I am trying to merge two large data frames based on two common columns in these data frames. there is a small attempt and debate here but no promising solution
df1.year<=df2.year(same or later year to be manufactured)
df1.maker=df2.maker AND df1.location=df2.location
I prepared a small mock data to explain:
first data frame:
data = np.array([[2014,"toyota","california","corolla"],
[2015,"honda"," california", "civic"],
[2020,"hyndai","florida","accent"],
[2017,"nissan","NaN", "sentra"]])
df = pd.DataFrame(data, columns = ['year', 'make','location','model'])
df
second data frame:
data2 = np.array([[2012,"toyota","california","airbag"],
[2017,"toyota","california", "wheel"],
[2022,"hyndai","newyork","seat"],
[2017,"nissan","london", "light"]])
df2 = pd.DataFrame(data2, columns = ['year', 'make','location','id'])
df2
desired output:
data3 = np.array([[2017,"toyota",'corolla',"california", "wheel"]])
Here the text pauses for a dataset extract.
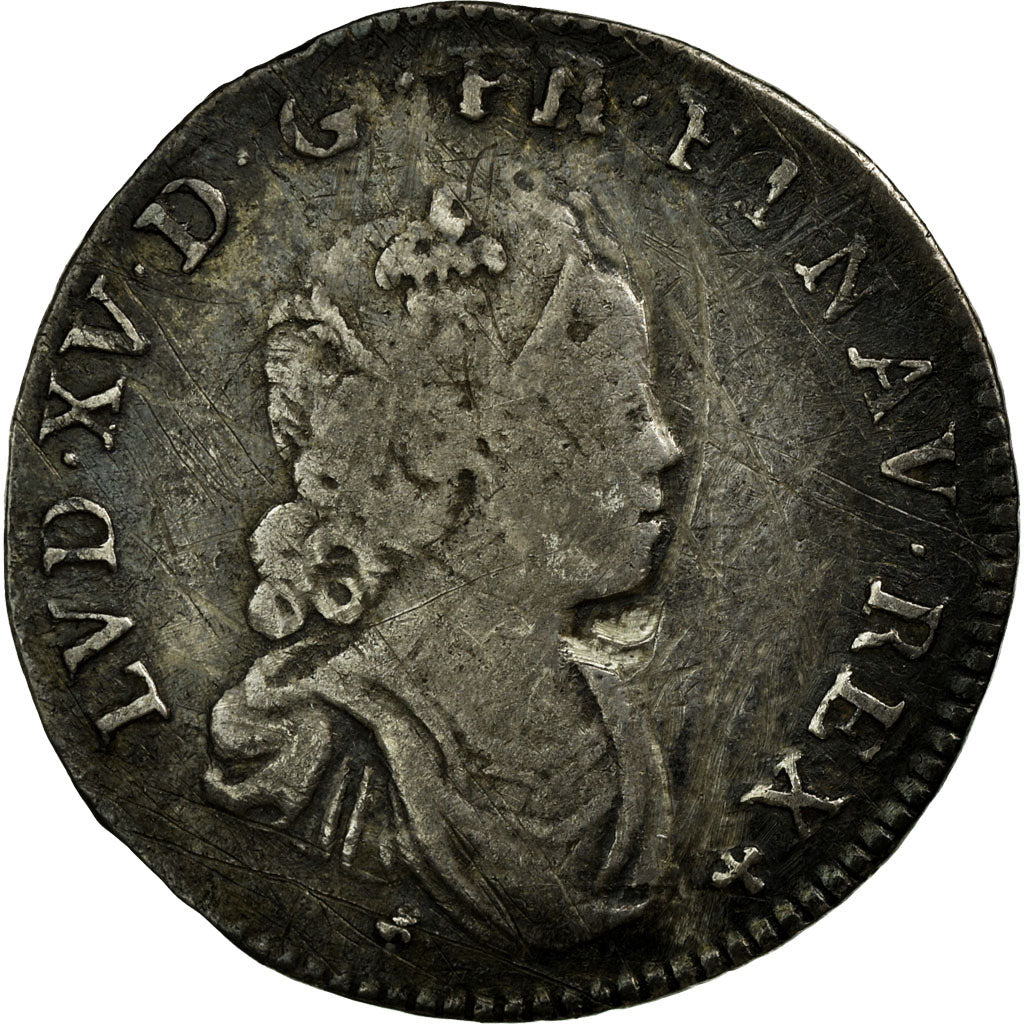 Monnaie, France, Louis XV, 1/10 Écu Vertugadin, 12 Sols, 1/10 ECU, 1716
df3 = pd.DataFrame(data3, columns = ['year', 'make','model','location','id'])
df3
I tried to use the below approach but it is to slow and also not so accurate:
df4= pd.merge(df,df2, on=['location','make'], how='outer')
df4=df4.dropna()
df4['year'] = df4.apply(lambda x : x['year_y'] if x['year_y'] >= x['year_x'] else "0", axis=1)
CodePudding user response:
You can achieve it with a merge_asof
(one to one left merge) and dropna
:
# ensure numeric year
df['year'] = pd.to_numeric(df['year'])
df2['year'] = pd.to_numeric(df2['year'])
(pd.merge_asof(df.sort_values('year'),
df2.sort_values('year')
.assign(year2=df2['year']),
on='year', by=['make', 'location'],
direction='forward')
.dropna(subset='id')
.convert_dtypes('year2')
)
NB. The intermediate is the size of df
.
Output:
year make location model id year2
0 2014 toyota california corolla wheel 2017
one to many
As merge_asof
is a one to one left join, if you want a one to many left join (or right join), you can invert the inputs and the direction.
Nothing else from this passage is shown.